Admettons-le d’emblée. Il est assez rare qu’un ministre de l’Éducation étale sa vision de l’éducation dans un livre. Inversement, il est moins rare que ceux qui sont à pied d’œuvre sur le terrain, à savoir tous les acteurs scolaires (enseignants, parents, directions, etc.) critiquent ceux qui occupent ce poste en les accusant de manquer de vision. Cela est donc une première raison de prendre quelques heures pour lire le livre de Sébastien Proulx, de la même façon qu’il a été écrit, soit d’un trait (ou presque). Le ministre a une vision pour l’éducation : n’est-ce pas une nécessité que tous ceux qui sont concernés par cette dernière prennent le temps de voir de quoi il s’agit?

 

De l’éducation des enfants

Comme le titre de l’ouvrage l’indique, l’œuvre du ministre est un vibrant plaidoyer à la fois pour la littératie et la culture générale, mais aussi pour la modernisation de l’école québécoise. Le livre se veut une occasion de responsabiliser chaque acteur à son rôle dans l’éducation des enfants, à commencer par les principaux intéressés : les enfants eux-mêmes. En effet, les devoirs en éducation, ce ne sont pas que les parents ou les enseignants qui en ont; les élèves en ont aussi et ce n’est que par l’accomplissement de ces devoirs qui sont bien plus que la simple fréquentation de l’école. En effet, s’ils souhaitent « (…) pouvoir à [leur] tour [de] contribuer au développement de la société », ils devront développer un sentiment d’appartenance, être motivés et mobilisés. La question en filigrane est donc la suivante : s’il y a une grande part d’attitudes intrinsèques à l’élève, comment pouvons-nous mobiliser les élèves à jouer leur rôle au sien de leur école et dans la société? Voici quelques idées suggérées par le ministre Proulx :

  1. Diminuer les impératifs curriculaires et valoriser les apprentissages authentiques. Autrement dit, comment nos jeunes peuvent-ils passer plus de temps à l’extérieur de leurs cours et apprendre d’autres choses que ce qui figure nécessairement au programme?
  2. Valoriser le transversal. À l’heure actuelle, l’accent est trop mis sur les disciplines scolaires. Peut-on se concentrer sur les d’autres compétences et attitudes (« soft-skills ») à être développées à travers toutes les disciplines scolaires?
  3. Il faut mettre l’accent sur ce que les élèves font, à savoir leur démarche d’apprentissage, au lieu de toujours mettre l’accent sur les notes. À cet égard, je me questionne : peut-on se débarrasser des notes une bonne fois pour toutes? Dans les bulletins, on pourra indiquer trois cotes : réussite, en difficultés ou échec.
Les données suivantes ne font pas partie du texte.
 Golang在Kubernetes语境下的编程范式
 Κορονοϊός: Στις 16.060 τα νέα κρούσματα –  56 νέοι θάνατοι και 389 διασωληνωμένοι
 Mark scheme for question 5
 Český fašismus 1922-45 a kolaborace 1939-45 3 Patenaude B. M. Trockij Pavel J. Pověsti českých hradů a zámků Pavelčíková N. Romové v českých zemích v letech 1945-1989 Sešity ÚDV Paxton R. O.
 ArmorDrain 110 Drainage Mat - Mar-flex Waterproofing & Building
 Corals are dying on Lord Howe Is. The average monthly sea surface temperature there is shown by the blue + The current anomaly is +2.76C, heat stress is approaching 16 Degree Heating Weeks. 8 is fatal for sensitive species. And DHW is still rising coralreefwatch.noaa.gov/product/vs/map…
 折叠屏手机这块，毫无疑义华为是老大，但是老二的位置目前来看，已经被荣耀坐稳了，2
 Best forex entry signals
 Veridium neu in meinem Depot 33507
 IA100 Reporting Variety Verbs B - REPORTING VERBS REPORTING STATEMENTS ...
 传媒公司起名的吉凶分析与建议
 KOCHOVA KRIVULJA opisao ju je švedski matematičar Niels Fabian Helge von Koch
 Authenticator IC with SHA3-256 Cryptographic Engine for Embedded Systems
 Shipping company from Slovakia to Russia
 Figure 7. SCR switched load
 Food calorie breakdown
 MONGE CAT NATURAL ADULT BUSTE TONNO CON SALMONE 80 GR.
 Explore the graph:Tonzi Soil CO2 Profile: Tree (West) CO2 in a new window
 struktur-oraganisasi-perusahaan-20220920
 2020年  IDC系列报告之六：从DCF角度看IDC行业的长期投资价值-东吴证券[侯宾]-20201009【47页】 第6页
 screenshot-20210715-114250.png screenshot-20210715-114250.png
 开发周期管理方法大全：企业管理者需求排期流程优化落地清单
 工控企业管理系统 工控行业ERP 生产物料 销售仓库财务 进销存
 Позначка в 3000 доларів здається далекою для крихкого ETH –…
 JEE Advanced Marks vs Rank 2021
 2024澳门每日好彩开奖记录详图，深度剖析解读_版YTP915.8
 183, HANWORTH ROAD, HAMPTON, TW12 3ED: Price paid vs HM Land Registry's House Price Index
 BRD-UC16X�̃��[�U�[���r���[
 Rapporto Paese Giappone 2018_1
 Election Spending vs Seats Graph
Or, lorsqu’il est question de modernisation de l’école et d’actualisation des approches pédagogiques, il est certain que j’ai sursauté en lisant que « (…) les élèves (…) sont des matières à forger ». J’aurais préféré y lire une analogie avec un jardinier ou un guide de vie qui, même s’ils relèvent du cliché, se distinguent de l’enseignant forgeron qui pioche à coup de connaissances sur la tête des jeunes!

 

Pour les enseignants

Voilà pour les élèves. Maintenant, pour les enseignants, le ministre a également plusieurs idées. D’une part, il affirme que « les enseignants doivent donner à chaque enfant le gout d’apprendre » et « qu’ils doivent prendre les moyens pour atteindre et conserver un haut degré de compétence professionnelle ». Je pense que sur le fond, on s’entend tous! Maintenant, comment s’y prendre? Dans un premier temps, comment déterminer qui donne le gout d’apprendre, sachant qu’il s’agit de quelque chose de très subjectif? Idem pour la prise de moyens pour atteindre et conserver un haut degré de compétence; quelles sont les activités qui permettent l’atteinte de cet objectif? Mais, surtout, dans un cas comme dans l’autre, qu’arrive-t-il avec les enseignants qui ne le font pas?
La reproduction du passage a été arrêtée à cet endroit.